• _What to work on_:
Extract, exactly as written, the line that contains "Blue Awareness Ribbon" and all lines after it through the end of the records. Omit pictures.

■ ■ ■ ■ ■

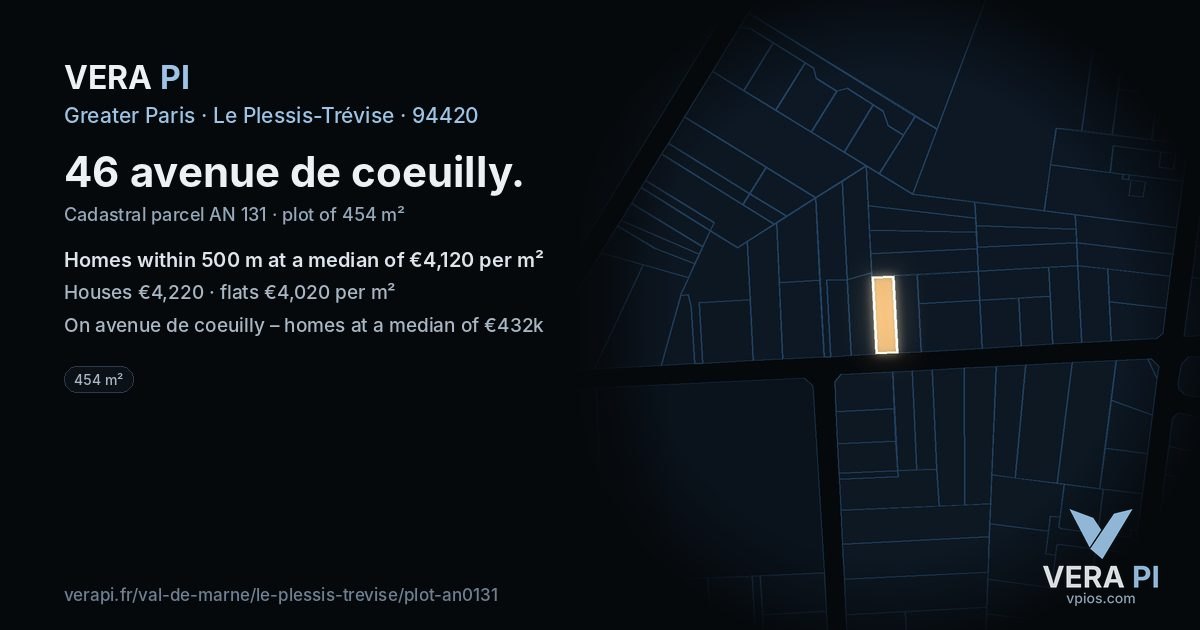 46 avenue de coeuilly, Le Plessis-Trévise at night – the plot lit, the parcels around coloured by the prices near them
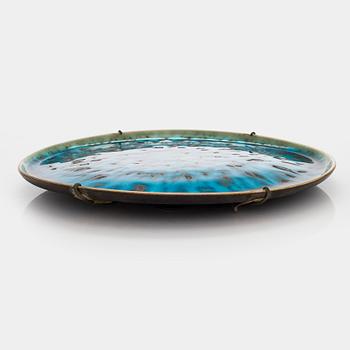 Friedl Holzer-Kjellberg, A stoneware dish, signed ARABIA -F.H.Kj.-.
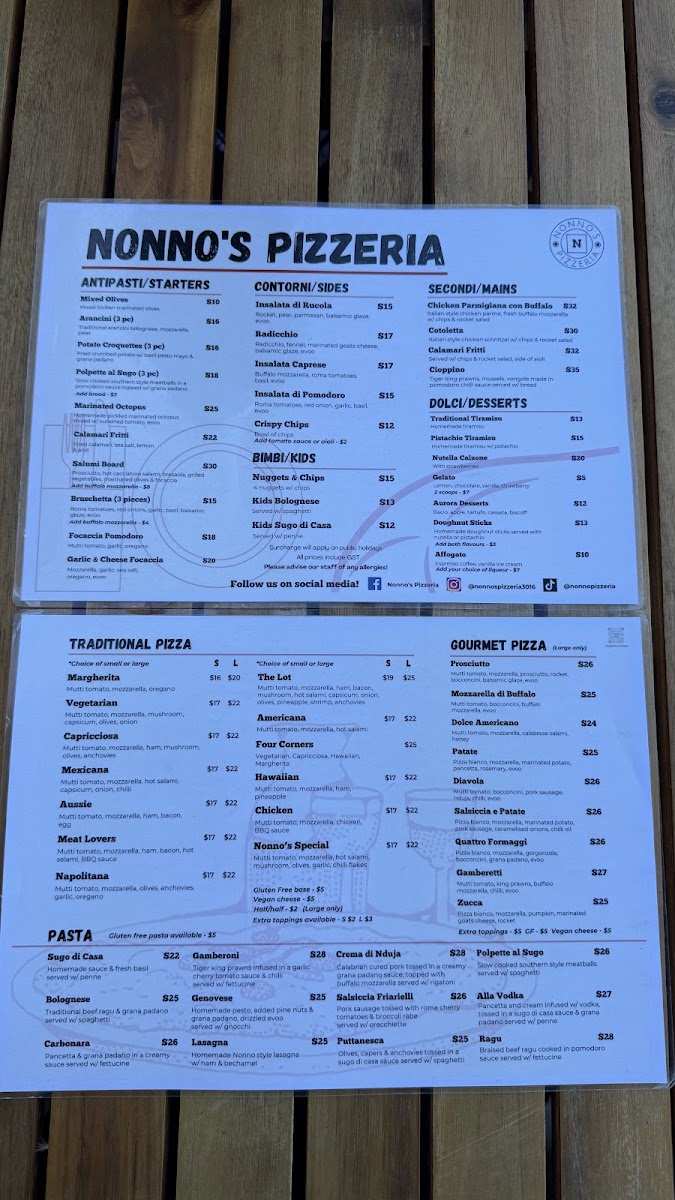Nonno's Pizzeria Photo Menu 4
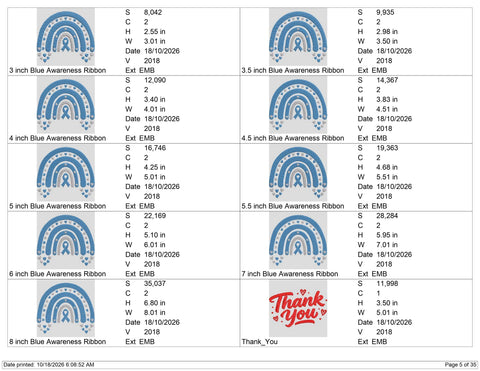 Blue Awareness Ribbon Rainbow Embroidery Design – Blue Ribbon Hearts Awareness Machine Embroidery File Embroidery/Applique DESIGNS PatternFeed8 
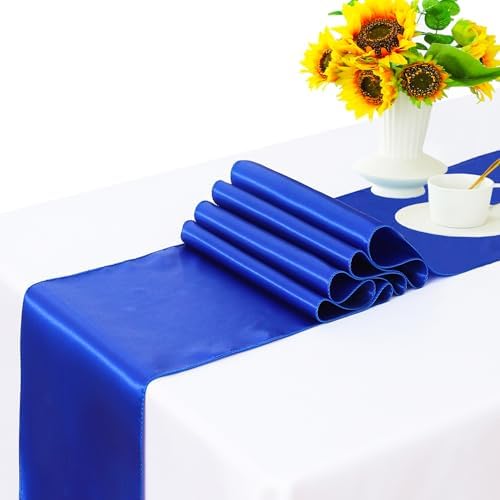 Pack of 50 Satin Royal Blue Chair Sashes Bows 7x108 inch Chair Ribbon - Image 3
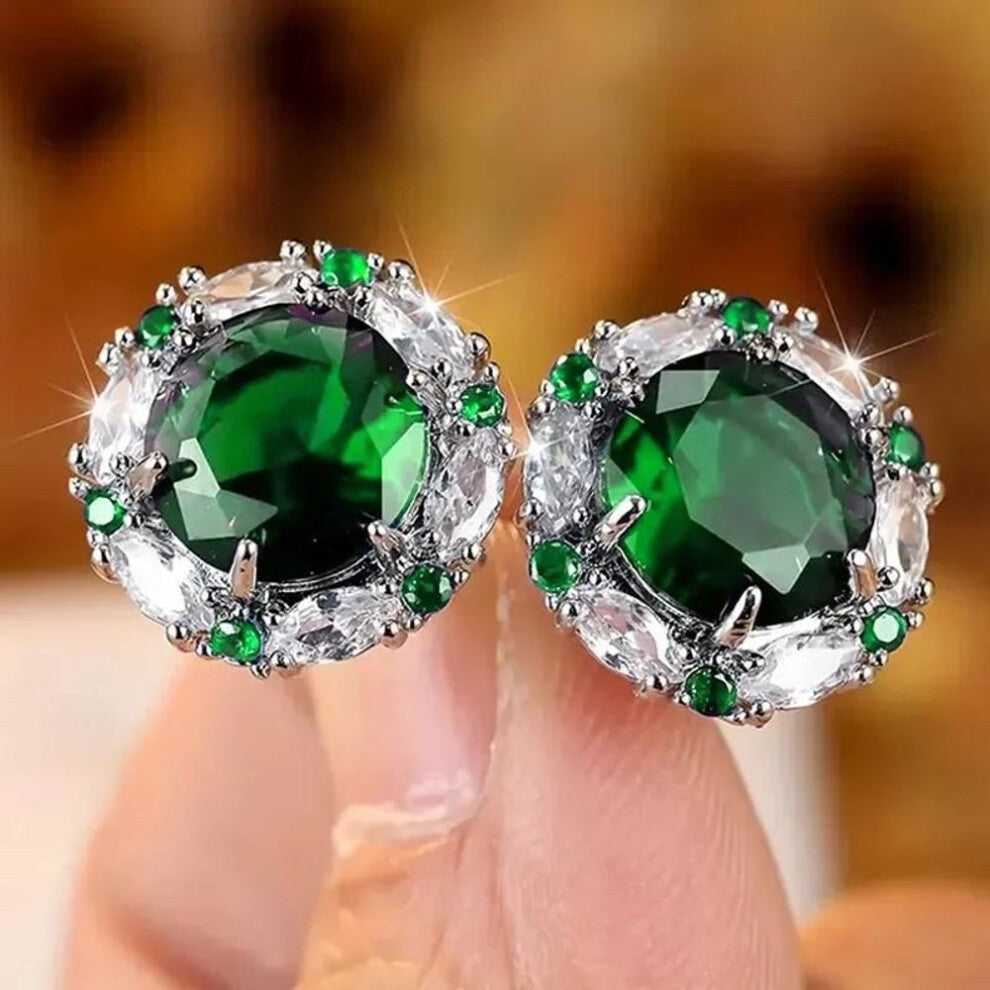 (silver,green) Vintage Royal Blue Round Cubic Zirconia Flower Stud Earrings For Women Silver Color White Bridal Wedding Ear Studs Engagement Jewelry G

■ ■ ■ ■ ■

• _Your solution_:
 Blue Awareness Ribbon Rainbow Embroidery Design – Blue Ribbon Hearts Awareness Machine Embroidery File Embroidery/Applique DESIGNS PatternFeed8 
 Pack of 50 Satin Royal Blue Chair Sashes Bows 7x108 inch Chair Ribbon - Image 3
 (silver,green) Vintage Royal Blue Round Cubic Zirconia Flower Stud Earrings For Women Silver Color White Bridal Wedding Ear Studs Engagement Jewelry G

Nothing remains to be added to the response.